Military judge delays court-martial start for Abu Ghraib dog handlers

[JURIST] US military judge Lt. Col. Paul McConnell Monday delayed the start of a court-martial trial for an army dog handler accused in an Abu Ghraib prisoner abuse scandal. The March 8 trial date for Sgt. Santos Cardona has been pushed back to May 22 to allow the defense more time to prepare. Cardona is charged with dereliction of duty and maltreatment of detainees in connection with his use of unmuzzled dogs [JURIST report] during prisoner interrogations at the Abu Ghraib prison [JURIST news archive] in December 2003 and January 2004.

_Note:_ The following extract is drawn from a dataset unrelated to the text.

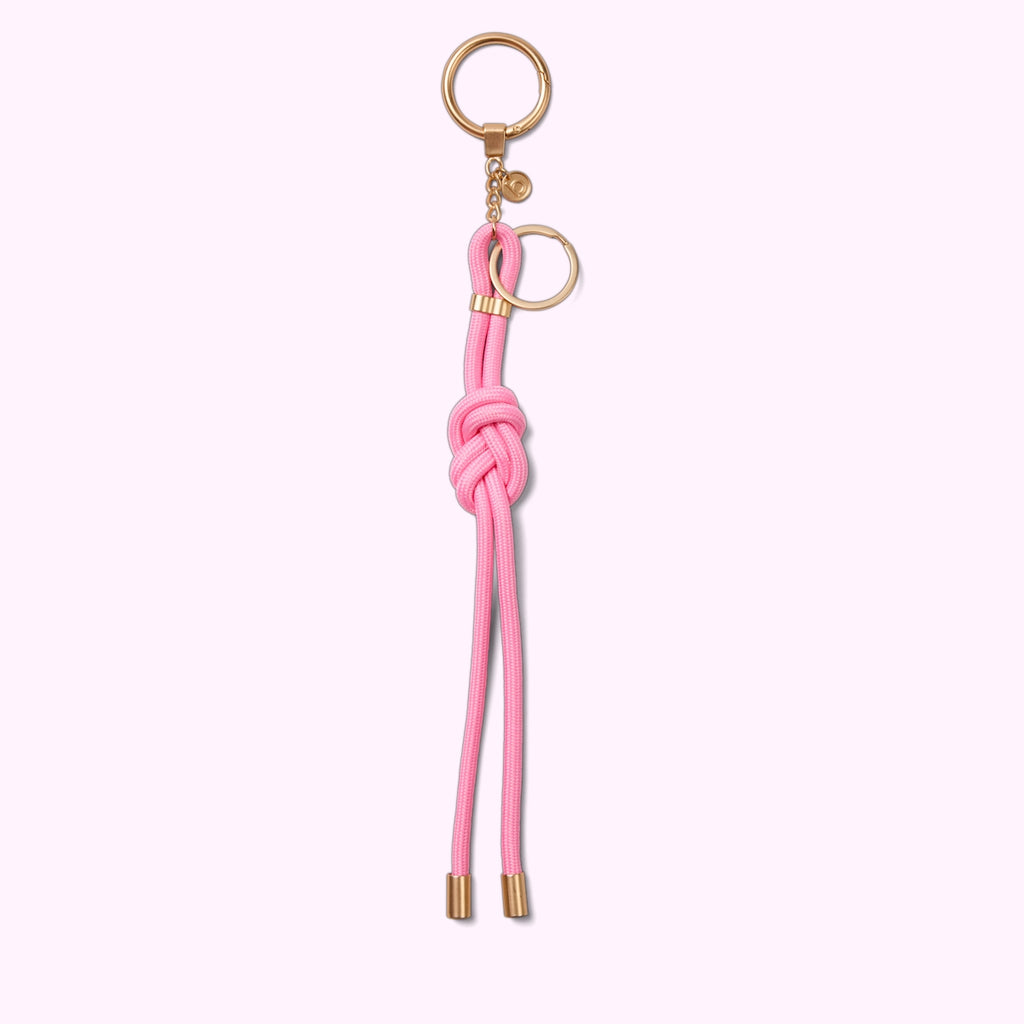 Bogg'd & Charmed Pink Taffy Nautical Rope Yacht Day Travel Organizer Ultra Durable Oversized Waterproof Phone Pouch Included for Cruise Travel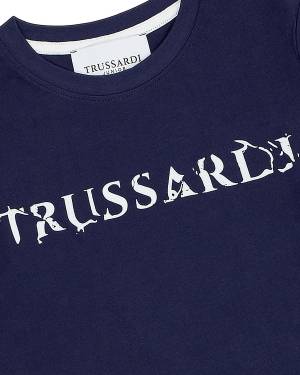T-SHIRT TRUSSARDI TBP24062TS BLUE NAVY-2-mini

Sgt. Michael Smith also faces court-martial after the two officers were accused of using the dogs in a competition to see who could scare the most prisoners, resulting in the biting of two Iraqi detainees [JURIST report]. Defense attorneys argue that the soldiers' use of the dogs was approved by officials high in the chain of command, and the two were just following orders. If convicted, Cardona faces up to 16 1/2 years in prison, and Smith could receive a sentence of up to 29 1/2 years. AP has more. The US Senate Armed Services Committee chairman John Warner said earlier this month that his committee would look into disparate statements on the use of dogs against prisoners [JURIST report] at Abu Ghraib after former prison commander Maj. General Geoffrey Miller made apparently inconsistent remarks. Citing his Fifth Amendment right against self-incrimination, Miller has declined to testify [AFP report] in the present case.